(Data for this task begins)

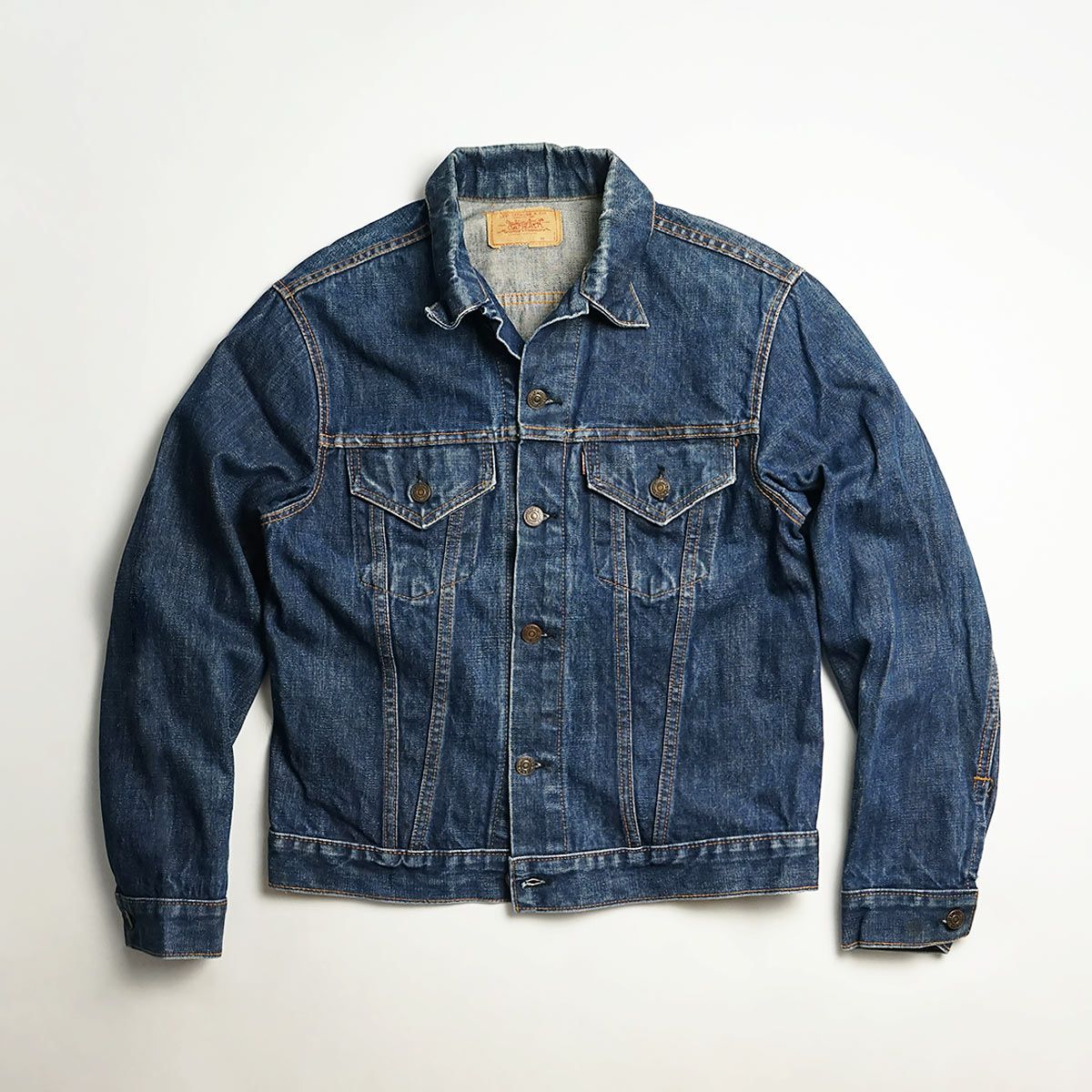 リーバイス LEVI'S デニムジャケット 70505 フォース ビッグE アメリカ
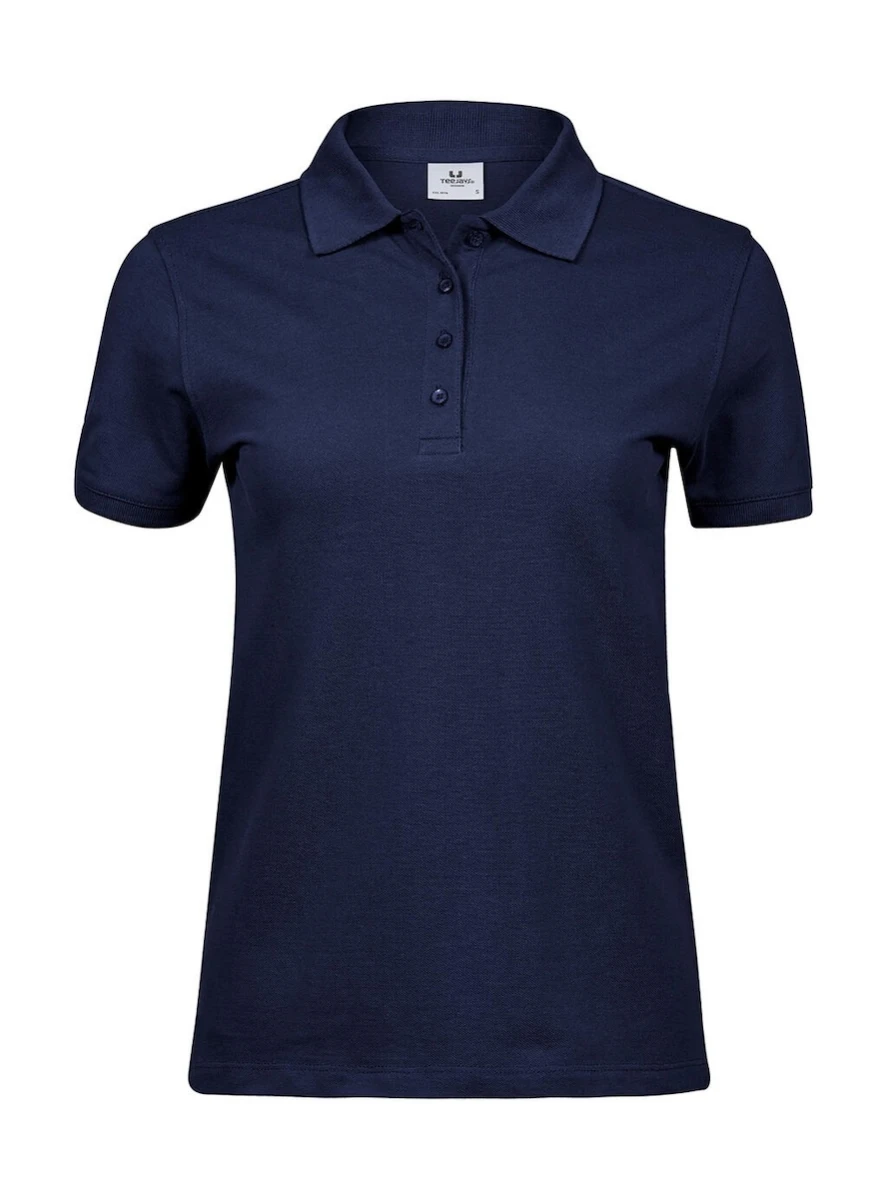 Damskie polo Tee Jays Heavy Pique 1401 Navy
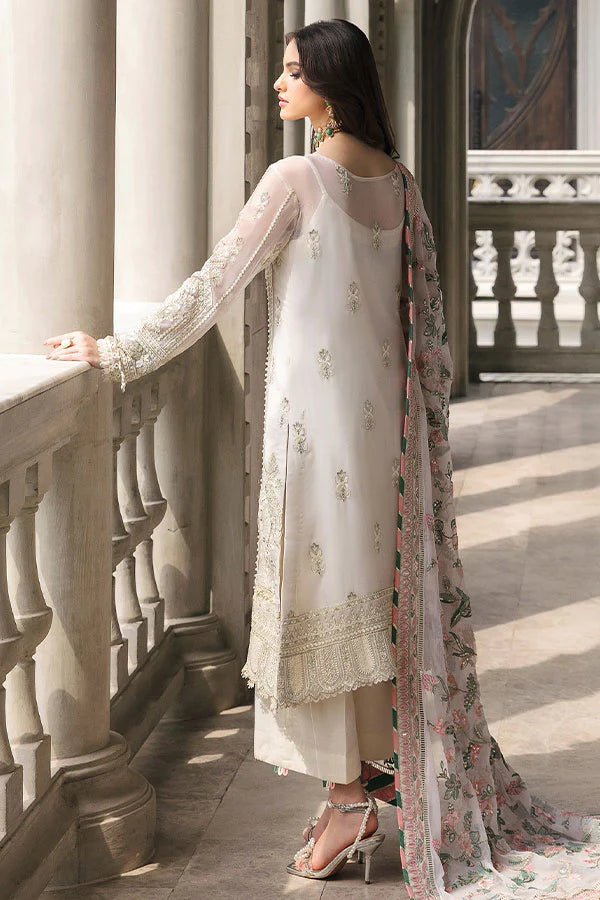 Gulaal Off White Formal Collection Organza Replica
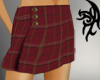 [P] Plaid Mini Skirt
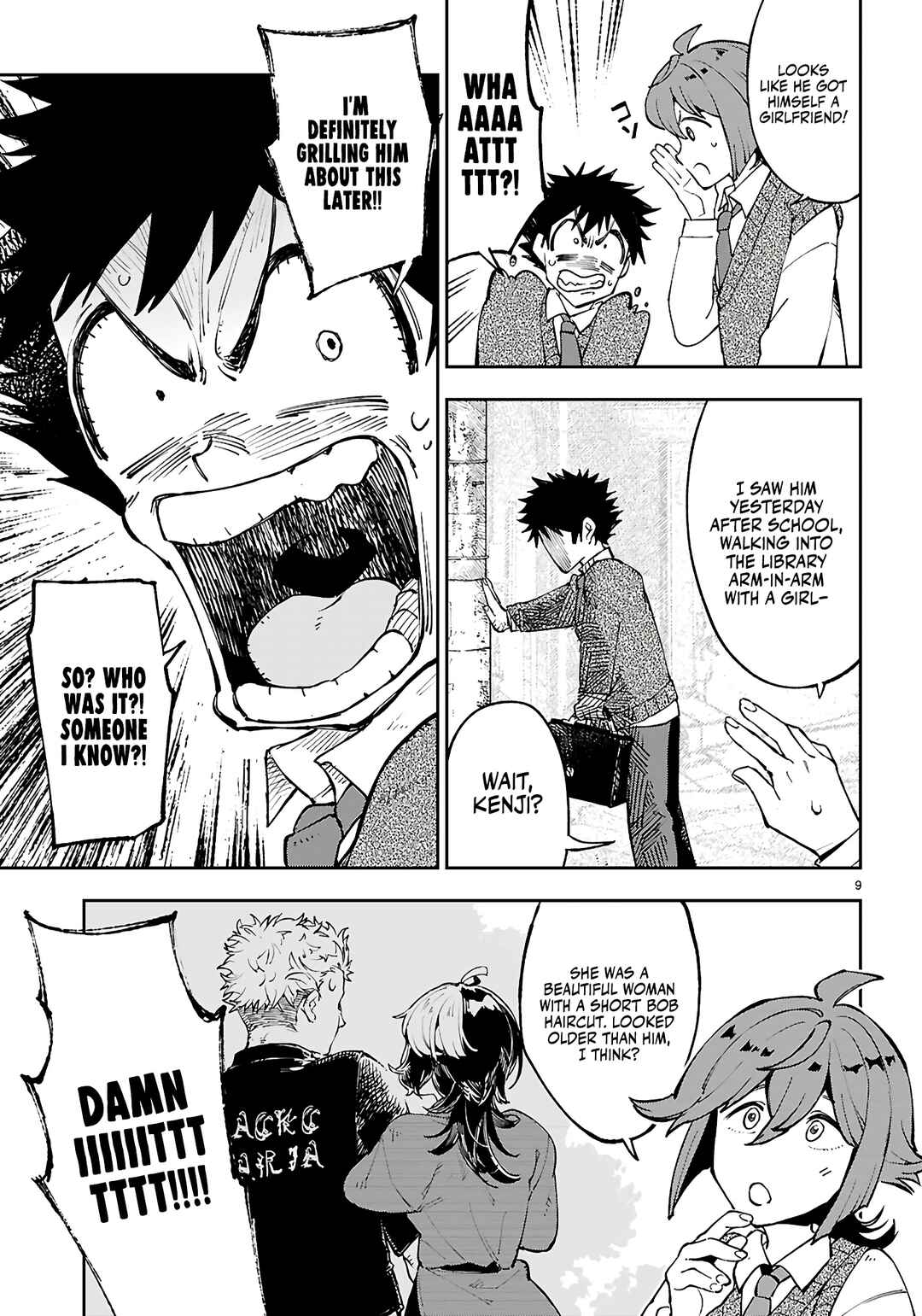 Yamu ni Yamarenu! ~Tensei Kenja no Heion(?) na Nichijou~ Chapter 10 - Page 9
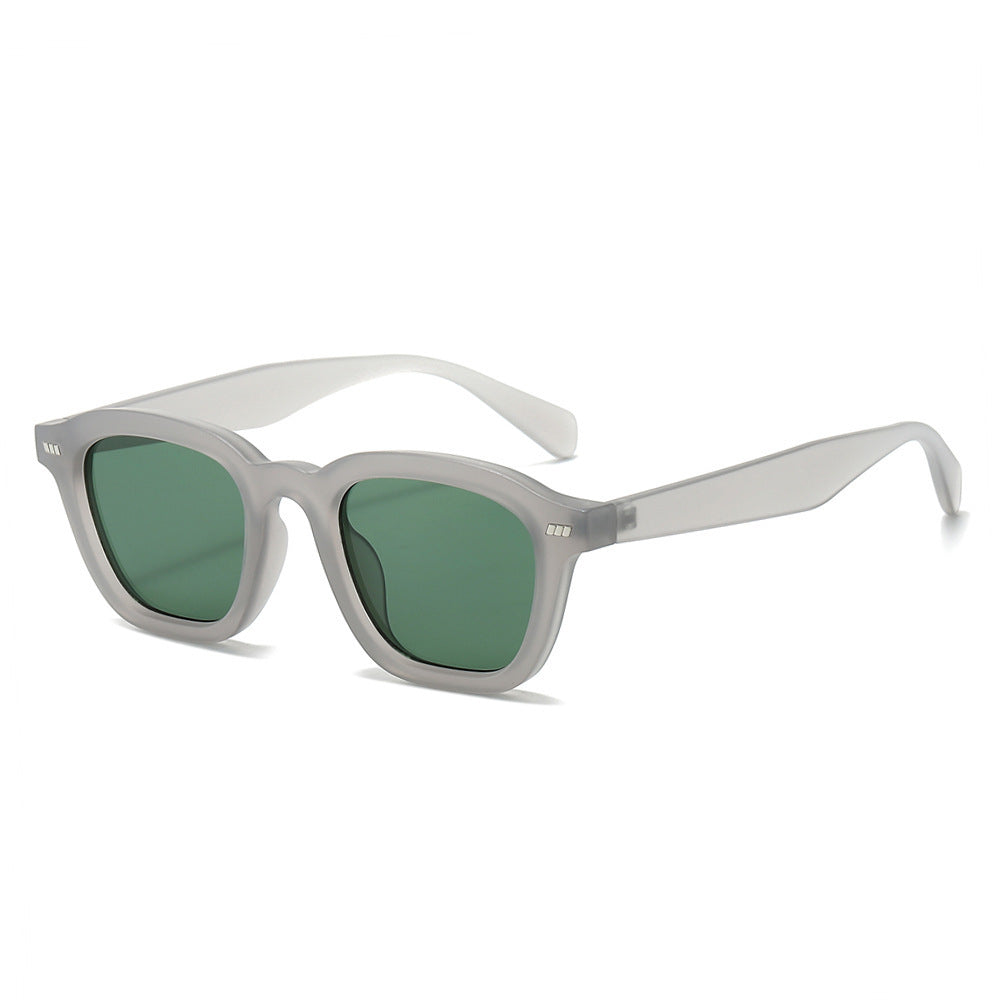 Fette Übergroße Quadrat-Sonnenbrille Karnz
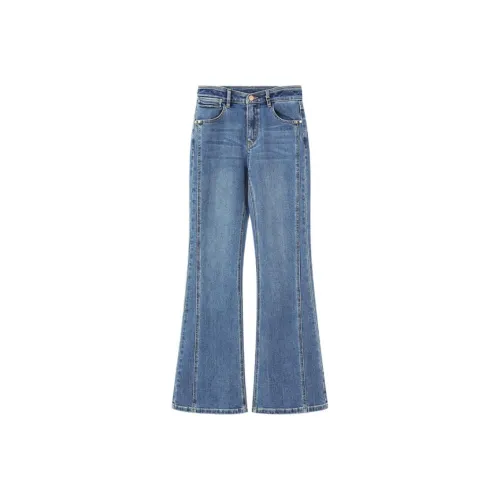 NINE WEST Blue Women's Jeans NINE WEST Синий Женские Джинсы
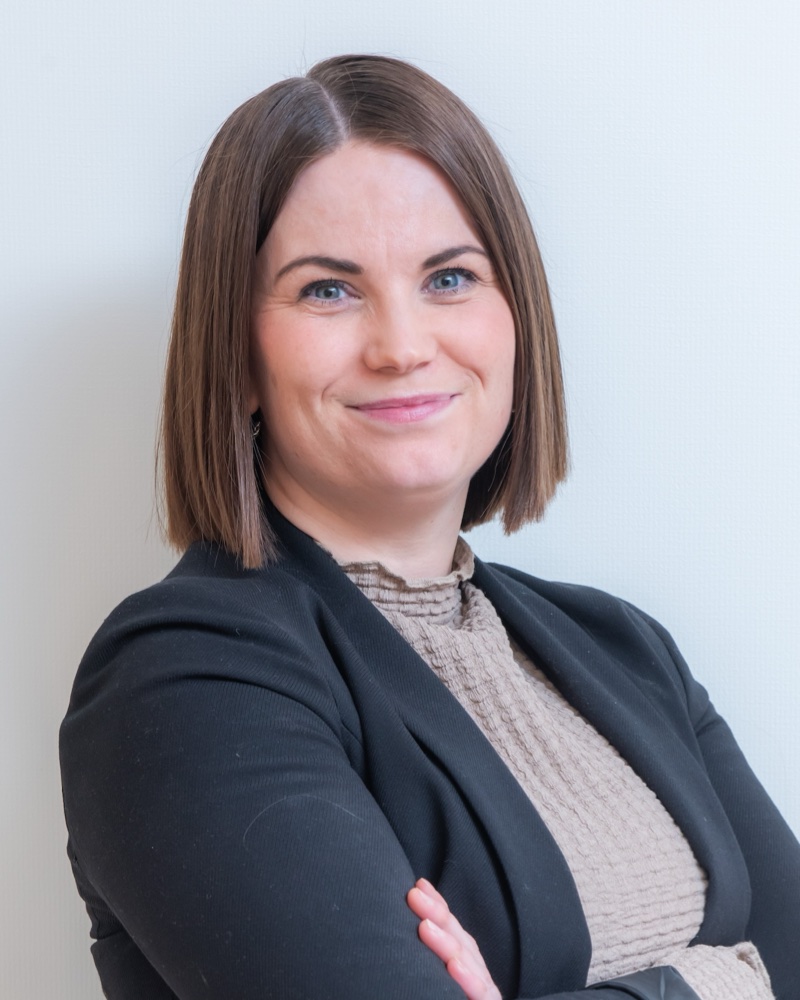 Portrett av Marie Hortman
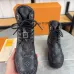 Louis Vuitton x Timberland boots for Louis Vuitton Unisex Shoes 3.5CM #A44153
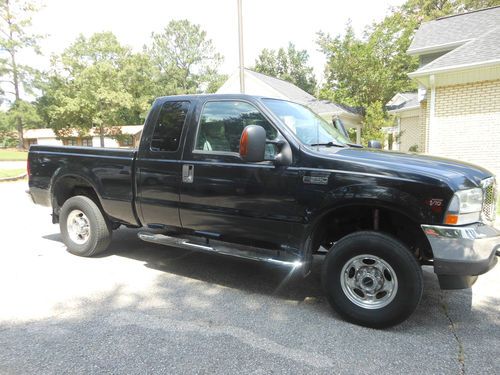 2004 ford f-250 super duty xlt extended cab pickup 4-door 6.8l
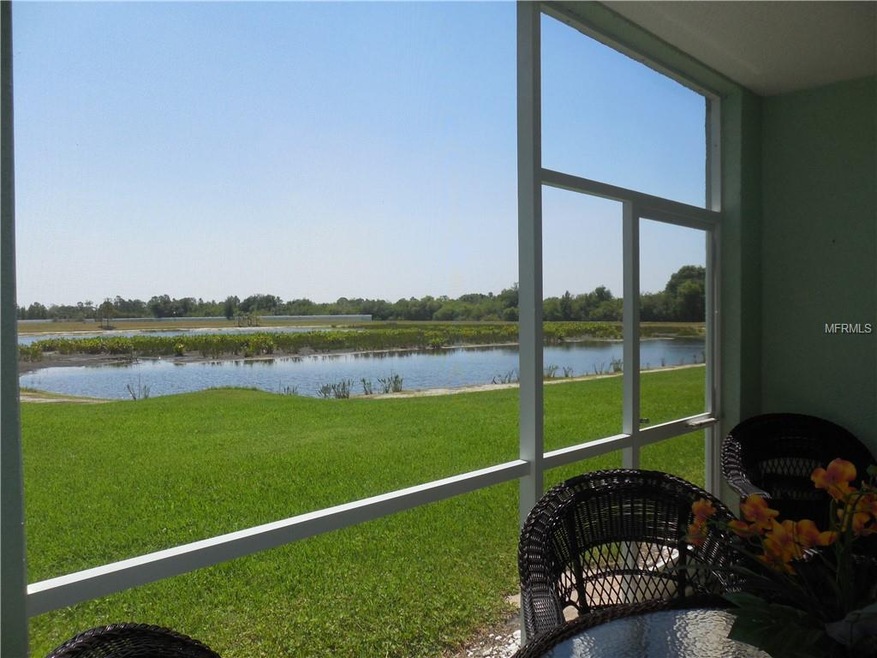 Lake view from your lanai. Lakes are used for irri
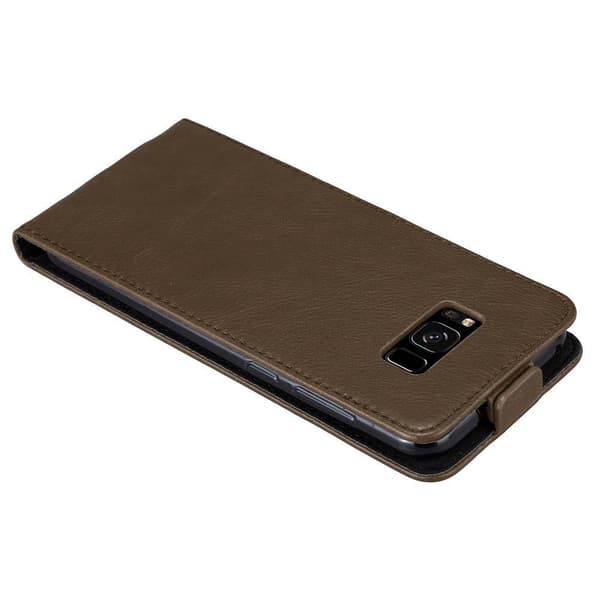 Skyddsfodral för Samsung Galaxy S8 Fodral Skal i flipdesign med magnetisk stängning Case Cover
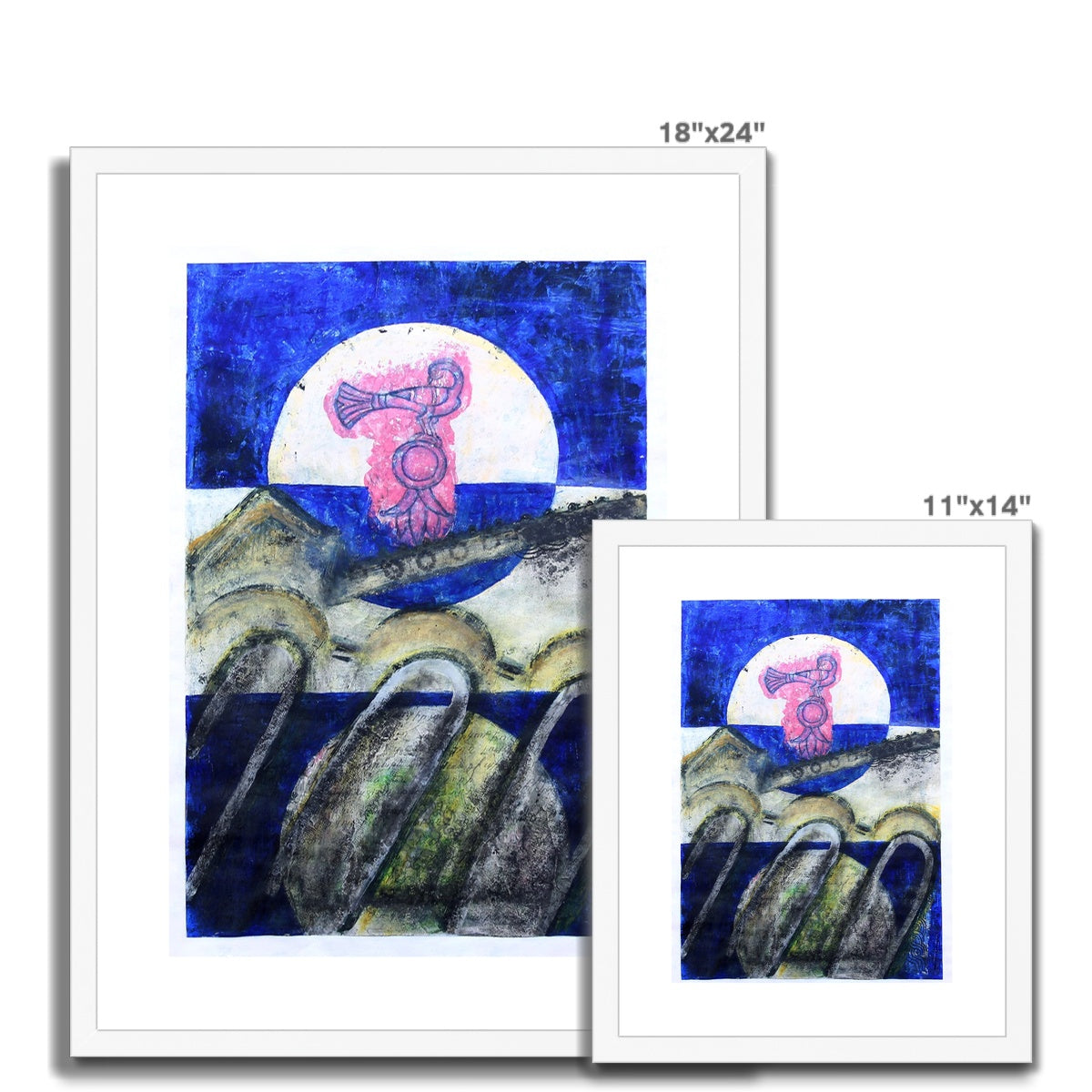 Full disclosure 1, Framed & Mounted Print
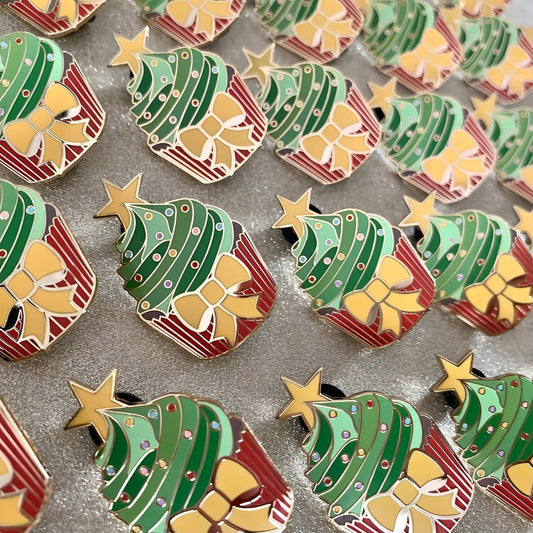 Christmas Tree Cupcake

(Data for this task ends)

*Task instructions*.
Leaving pictures aside, write out each record above exactly as given.

*Result*.
 リーバイス LEVI'S デニムジャケット 70505 フォース ビッグE アメリカ
 Damskie polo Tee Jays Heavy Pique 1401 Navy
 Gulaal Off White Formal Collection Organza Replica
 [P] Plaid Mini Skirt
 Yamu ni Yamarenu! ~Tensei Kenja no Heion(?) na Nichijou~ Chapter 10 - Page 9
 Fette Übergroße Quadrat-Sonnenbrille Karnz
 NINE WEST Blue Women's Jeans NINE WEST Синий Женские Джинсы
 Portrett av Marie Hortman
 Louis Vuitton x Timberland boots for Louis Vuitton Unisex Shoes 3.5CM #A44153
 2004 ford f-250 super duty xlt extended cab pickup 4-door 6.8l
 Lake view from your lanai. Lakes are used for irri
 Skyddsfodral för Samsung Galaxy S8 Fodral Skal i flipdesign med magnetisk stängning Case Cover
 Full disclosure 1, Framed & Mounted Print
 Christmas Tree Cupcake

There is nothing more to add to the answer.